ACTION ITEM:
Print the listing exactly as it stands, and skip any pictures in it.

SUPPLIED INFORMATION:
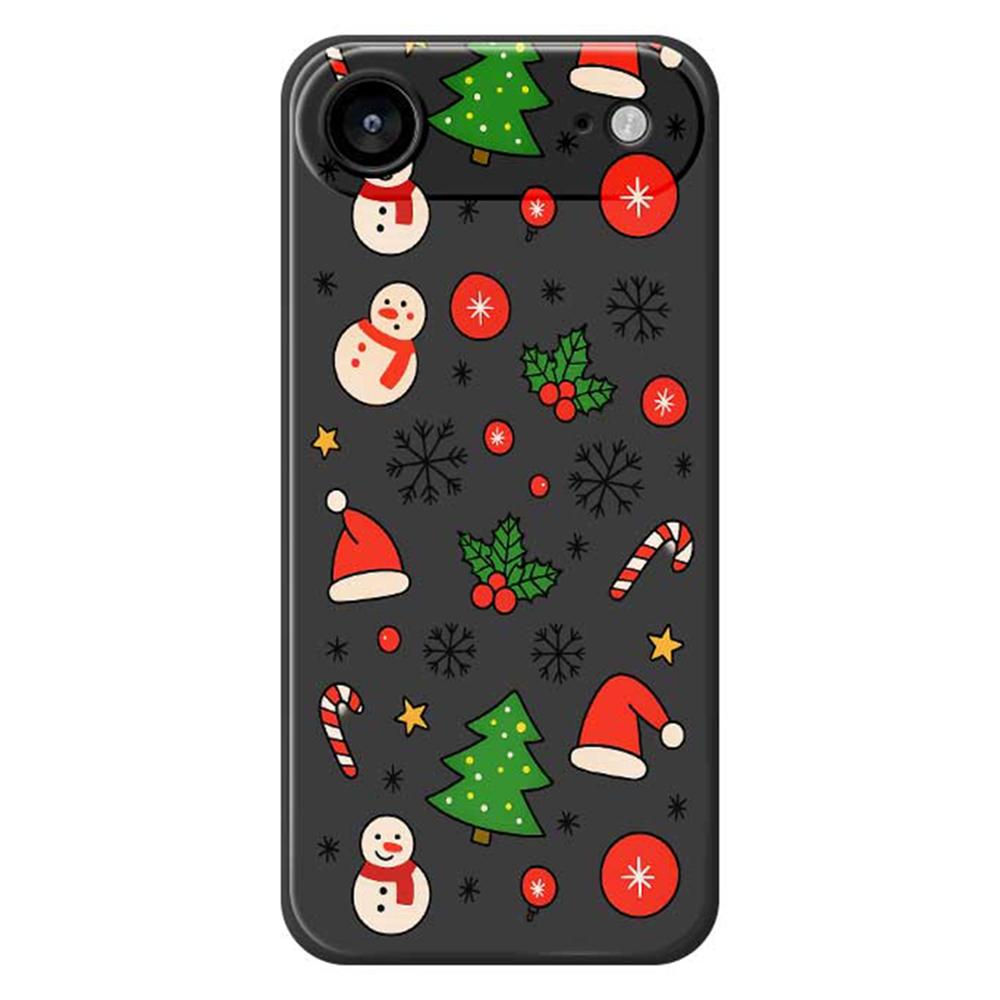 

For iPhone 17 Air Case Christmas Elements Pattern Printing Straight Edge TPU Phone Back Cover Black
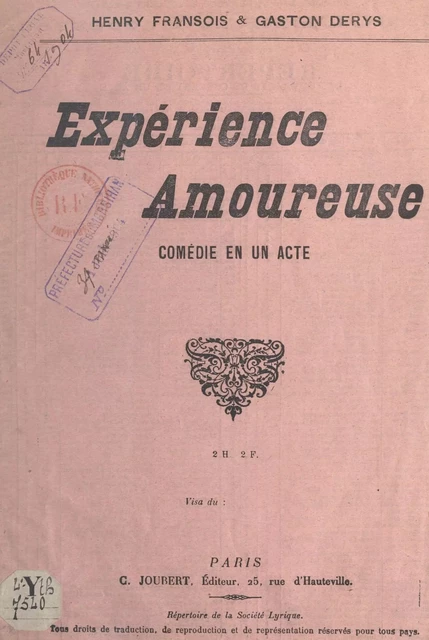 Expérience amoureuse - Gaston Derys, Henry Fransois - FeniXX réédition numérique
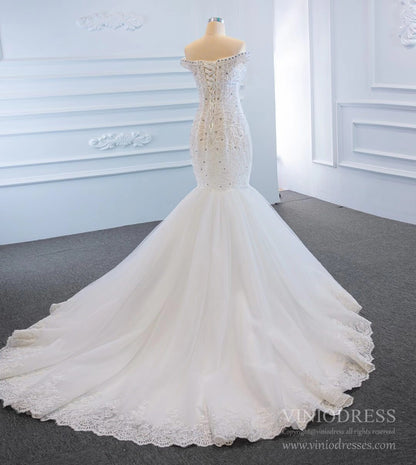 Off the Shoulder Red Mermaid Pageant Gown Beaded Wedding Dresses 67150-wedding dresses 2025 -Viniodress-Red-Custom Size-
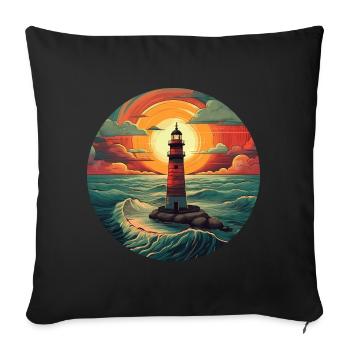 Lighthouse at sunset - Romantic kiss - Sofa pillowcase 17,3'' x 17,3'' (45 x 45 cm) - black - Front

WRITTEN REPLY:
For iPhone 17 Air Case Christmas Elements Pattern Printing Straight Edge TPU Phone Back Cover Black
 Expérience amoureuse - Gaston Derys, Henry Fransois - FeniXX réédition numérique
 Off the Shoulder Red Mermaid Pageant Gown Beaded Wedding Dresses 67150-wedding dresses 2025 -Viniodress-Red-Custom Size-
 Lighthouse at sunset - Romantic kiss - Sofa pillowcase 17,3'' x 17,3'' (45 x 45 cm) - black - Front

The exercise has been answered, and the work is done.